2012-04-27 Thread Jerry McAllister
On Fri, Apr 27, 2012 at 05:18:47PM -0400, Mehmet Erol Sanliturk wrote:

 On Fri, Apr 27, 2012 at 4:31 PM, Jerry McAllister jerr...@msu.edu wrote:
 
  On Fri, Apr 27, 2012 at 08:27:07PM +0200, Wojciech Puchar wrote:
 
   After using Linux for almost 15 years, I only recently started using
   FreeBSD. I own an internet startup and was looking for a solution for
  
   Those who need FreeBSD already use it. no need to promote.

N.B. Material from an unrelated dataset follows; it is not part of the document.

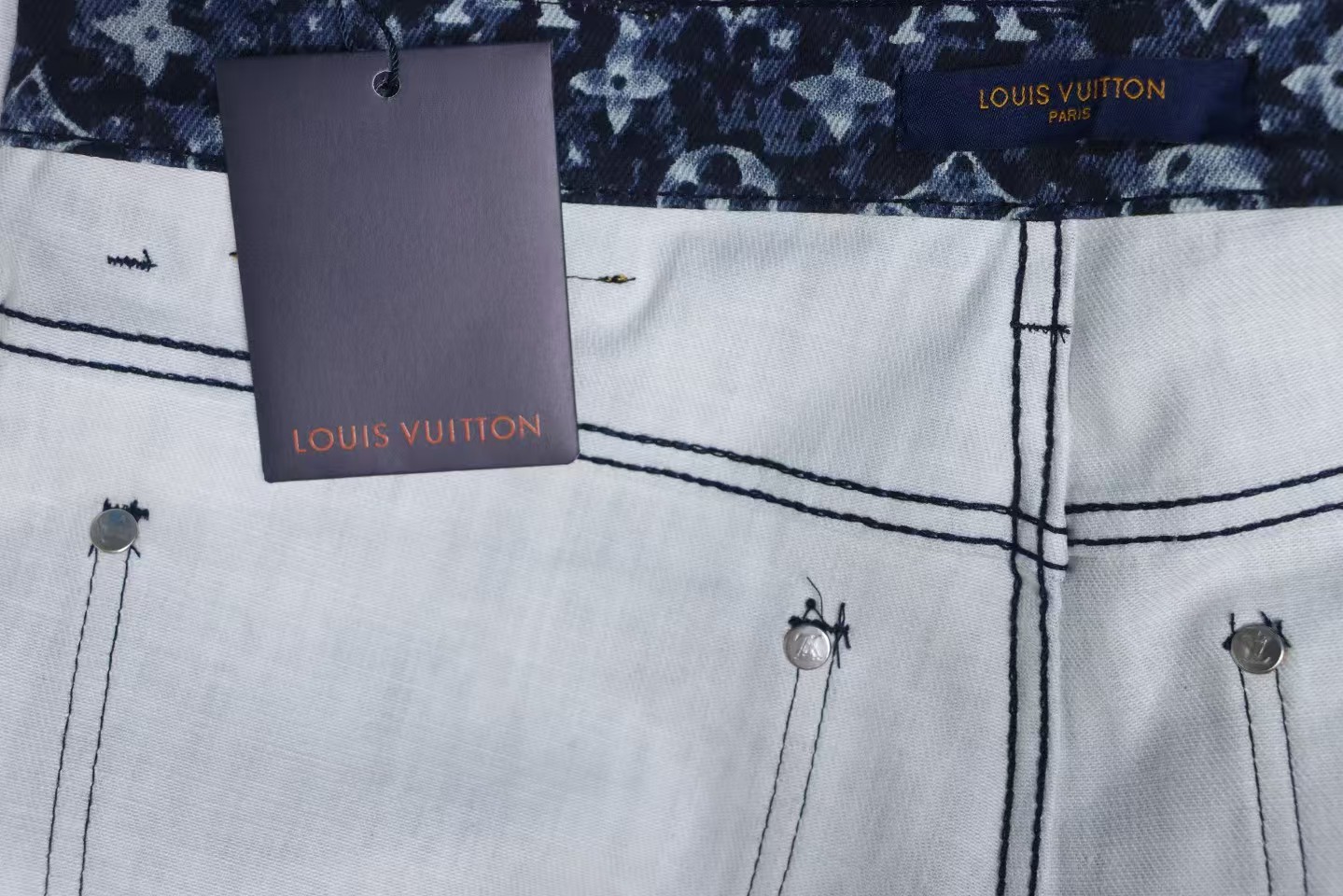 Louis Vuitton Tie-Dye Polka Dot Denim Pants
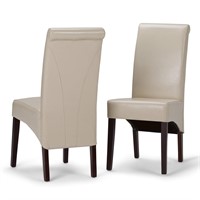 SIMPLIHOME Avalon Deluxe Parson Dining Chair (Set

Or maybe need
   to promote bigger donations to FreeBSD community from big users.
  
   Those who actually need high performers and have servers that are loaded
   and are working not toying around - use FreeBSD.
 
  Not really true and kind of a poor attitude.
  Yes. many people needing high performance already use FreeBSD, but
  there are lots of services that could benefit from FreeBSD who are
  not very aware of it.  They may have heard the name, and even know
  that it is an OS, but have heard it passed off as a non-entity in
  the field and do not know better than that.
 
  Sure, if people take the time and come to the web site and then
  download and use it and learn it, they know and don't need to
  be told much.  But, most others are not yet in that situation.
  They might appreciate the help.   Of course, some may be too
  lazy or prejudiced to go through that, but many just need some
  more information and encouragement I would guess.
 
  jerry
 
 
 
 
 
 My opinion is that most important obstacle in front of FreeBSD is its
 installation structure :
 

There, you are wrong.   If you choose to take the defaults, you can
breeze through installation just setting IP and hostame and nameserver
the same as on any Lunix I have ever installed.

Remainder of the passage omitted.